INFORMATION SUPPLIED:
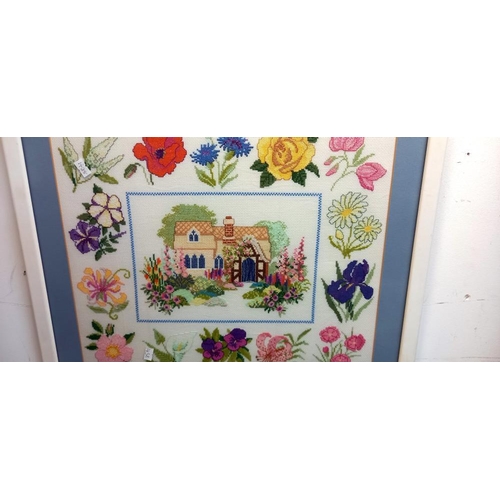 1514 - A large tapestry of flowers around a cottage COLLECT ONLY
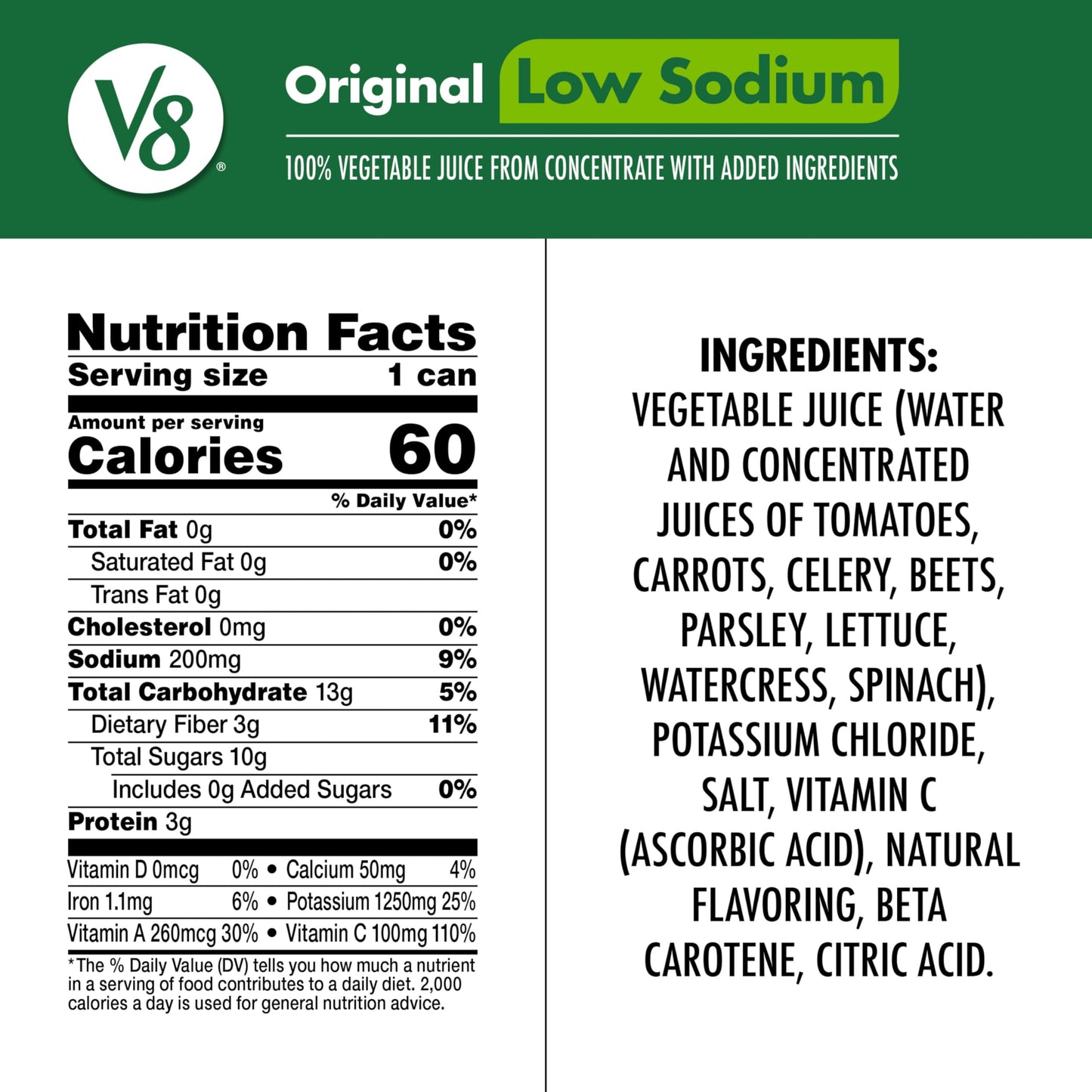 V8 Low Sodium Original 100% Vegetable Juice, 11.5 fl oz Can (24 Pack)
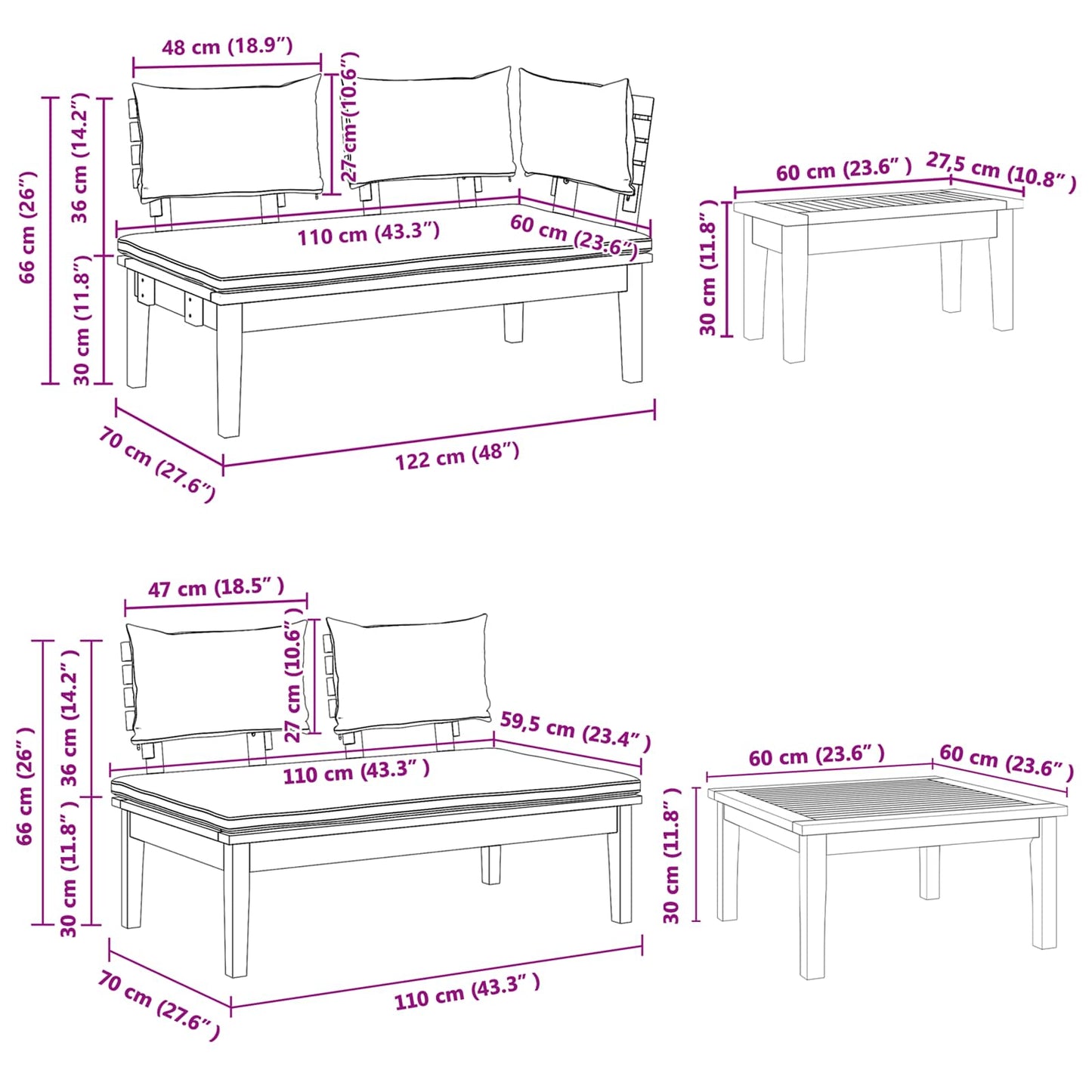 Garden Sofa Set 4 pcs Brown and Grey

EXERCISE DIRECTIONS:
Could you write out exactly the lines running from the one with "V8 Low Sodium" through the last line of the data above, both ends kept, and omit any picture?

REPLY TO THE EXERCISE:
 V8 Low Sodium Original 100% Vegetable Juice, 11.5 fl oz Can (24 Pack)
 Garden Sofa Set 4 pcs Brown and Grey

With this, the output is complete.